O que não fica claro é se houve ou não mudança no raciocínio quanto à
possibilidade da pressuposição de uma nova norma fundamental. Em outras
palavras, não é claro se a partir de uma revolução uma nova ordem legal válida se
instaura em virtude de uma norma posta (Constituição) ou suposta (ordem eficaz a
partir do comportamento geral dos indivíduos). A resposta a esta questão pode
modificar a noção kelseniana de legitimidade adotada até então. Quanto ao tema, o
que surge de novo na versão de 1961 é a legitimidade limitada pela efetividade de uma
nova ordem legal. É neste contexto que Larx Vinx argumenta que Hans Kelsen
emprega o termo legitimidade em diferentes sentidos e que esta utilização sugere que
a lei possa legitimar o poder (VINX, 2007, 59).

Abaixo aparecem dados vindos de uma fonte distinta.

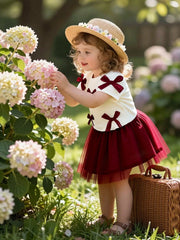 2pcs Girls Bow Appliqué Ribbed Top & Tulle Skirt Set - Ivory | 21 C...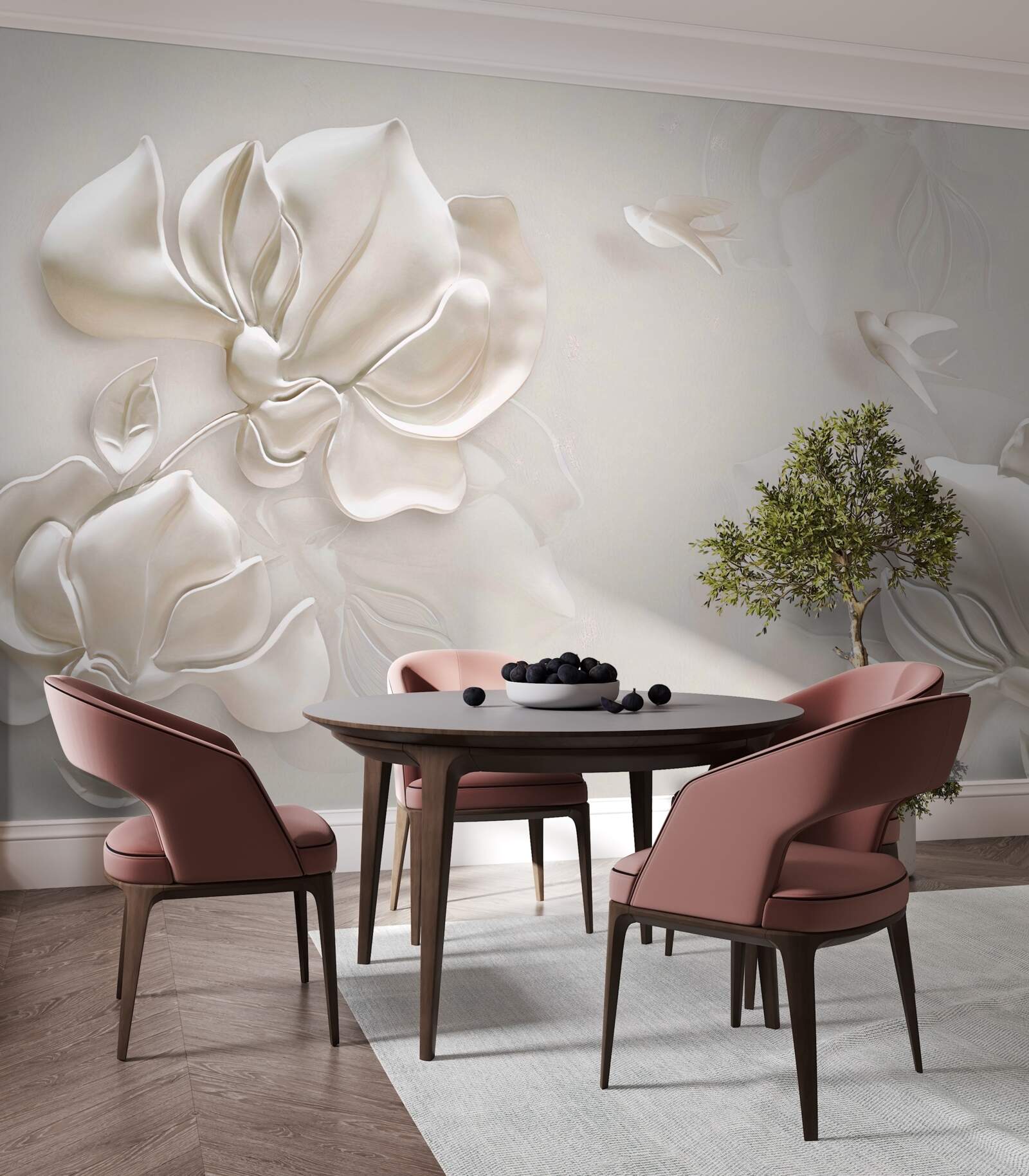 Фотошпалери птахи та квіти з білого матеріалу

3 A NORMA FUNDAMENTAL: RESPOSTA À QUESTÃO DA
LEGITIMIDADE?
No artigo “Alienating Justice: On the surplus value of the twelfth camel”,
Gunter Teubner lança mão do recurso à antiga história que também fora utilizada
inúmeras vezes por Jean-Pierre Dupuy e Niklas Luhmann nos seus debates sobre
auto-organização, autopoiesis e ao tratar dos paradoxos do direito. Aqui, o mesmo
recurso parece ser apropriado.
Conta-se que um Sheik beduíno, velho e rico, escreveu seu testamento e
dividiu entre seus três filhos sua fortuna constituída de uma cáfila de camelos.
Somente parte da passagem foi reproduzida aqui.